Study material:
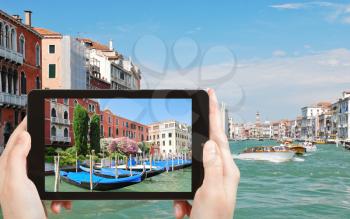 travel concept - tourist taking photo of parking of gondolas near Ponte di Rialto in Venice, Italy on mobile gadget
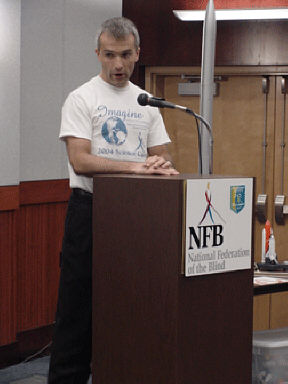 Bernhard Beck-Winchatz speaks to the students at the Rocket On! closing ceremony held in the auditorium of the NFB Jernigan Institute.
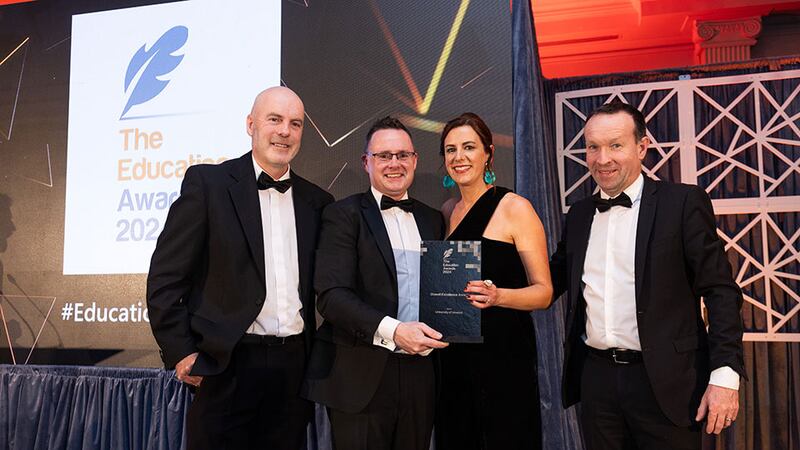 Eoin McCarthy, awards judge, presents the overall excellence award to the University of Limerick team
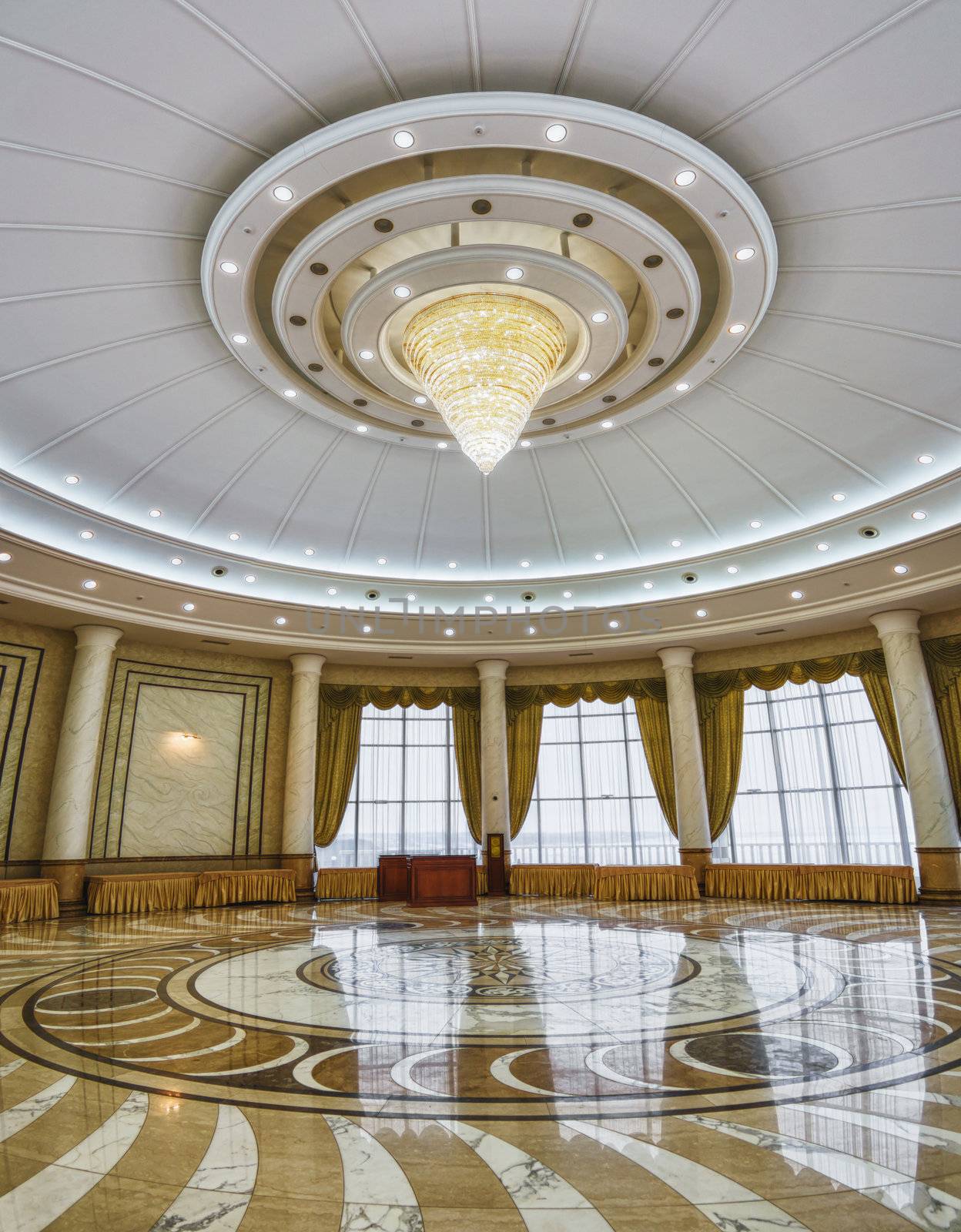 interior of the vast columned hall with a chandelier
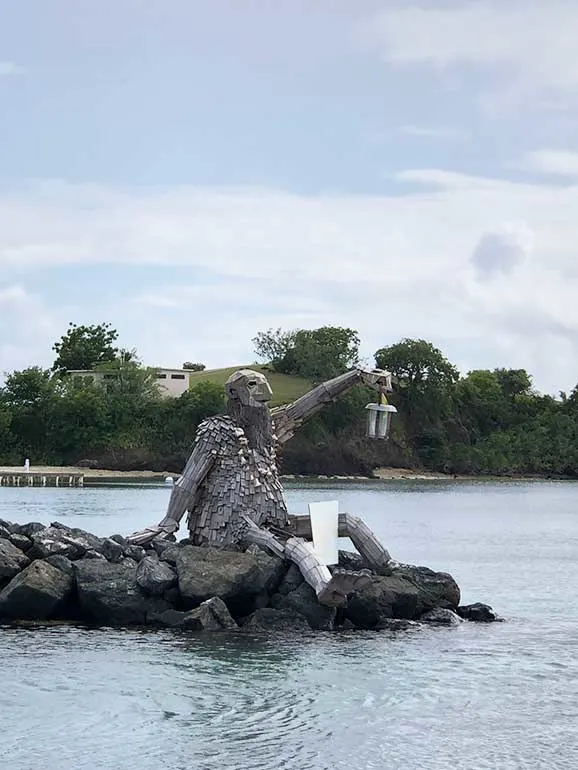 giant wooden troll in culebra Puerto Rico with water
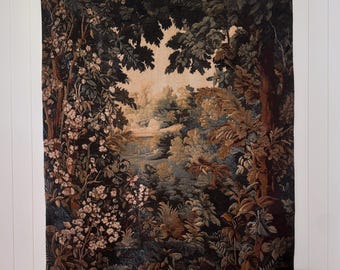 May include: A rectangular wall tapestry featuring a woven landscape scene with dark green trees, dense foliage, and light-colored flowering bushes. The central area depicts a distant, lighter-toned clearing with a soft, muted color palette of browns and greens.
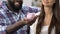 African-american man holding piggy-bank, woman putting coin inside, budget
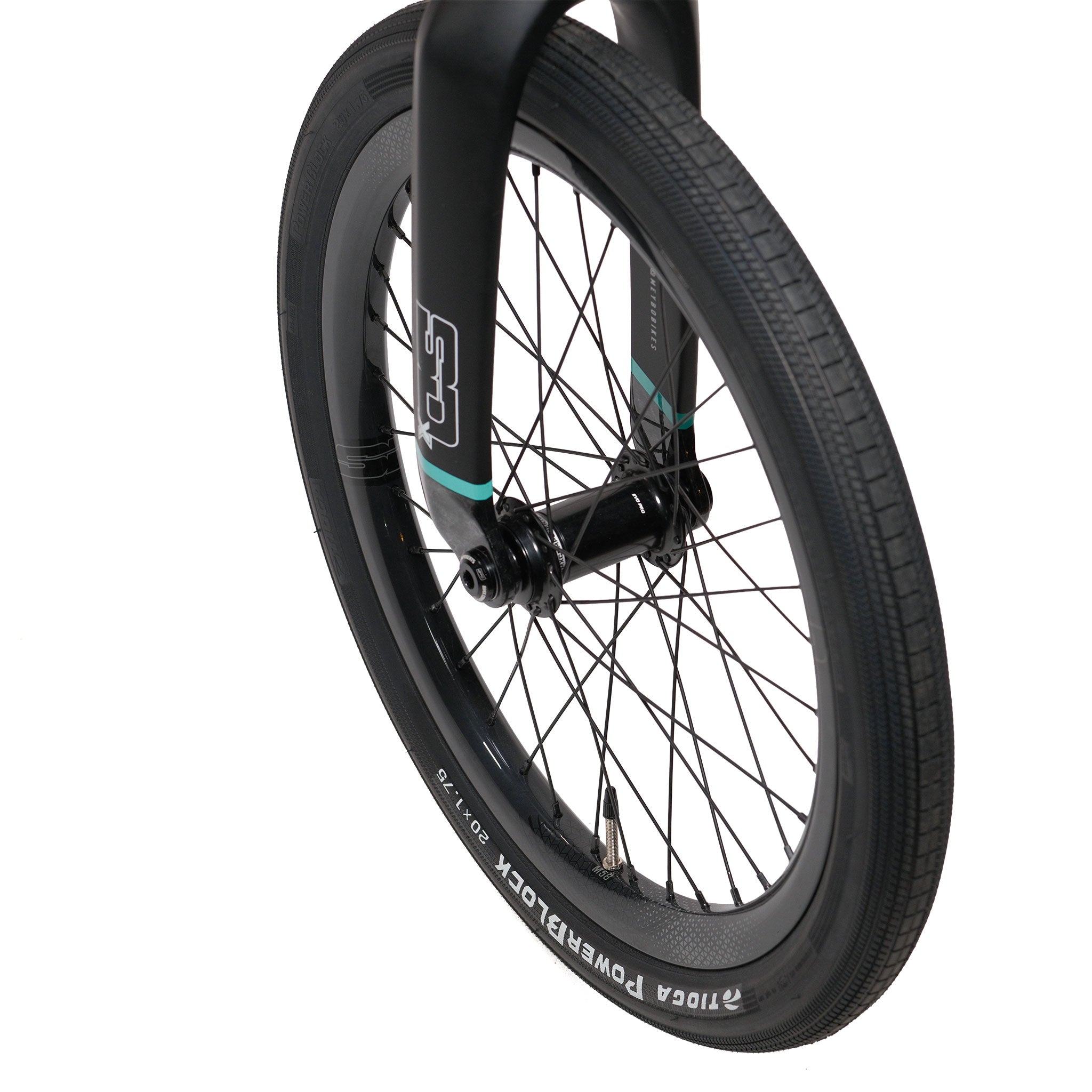 Close-up of a black bicycle front wheel with black spokes, a tire labeled "TIOGA POWERBLOCK," and part of the black front fork visible against a white background, showcasing premium BMX components typically featured on high-performance models such as the Meybo HSX Carbon Pro XXL Race Bike.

Task objective: Reproduce each entry precisely; the pictures stay out.

Expected answer:
 travel concept - tourist taking photo of parking of gondolas near Ponte di Rialto in Venice, Italy on mobile gadget
 Bernhard Beck-Winchatz speaks to the students at the Rocket On! closing ceremony held in the auditorium of the NFB Jernigan Institute.
 Eoin McCarthy, awards judge, presents the overall excellence award to the University of Limerick team
 interior of the vast columned hall with a chandelier
 giant wooden troll in culebra Puerto Rico with water
 May include: A rectangular wall tapestry featuring a woven landscape scene with dark green trees, dense foliage, and light-colored flowering bushes. The central area depicts a distant, lighter-toned clearing with a soft, muted color palette of browns and greens.
 African-american man holding piggy-bank, woman putting coin inside, budget
 Close-up of a black bicycle front wheel with black spokes, a tire labeled "TIOGA POWERBLOCK," and part of the black front fork visible against a white background, showcasing premium BMX components typically featured on high-performance models such as the Meybo HSX Carbon Pro XXL Race Bike.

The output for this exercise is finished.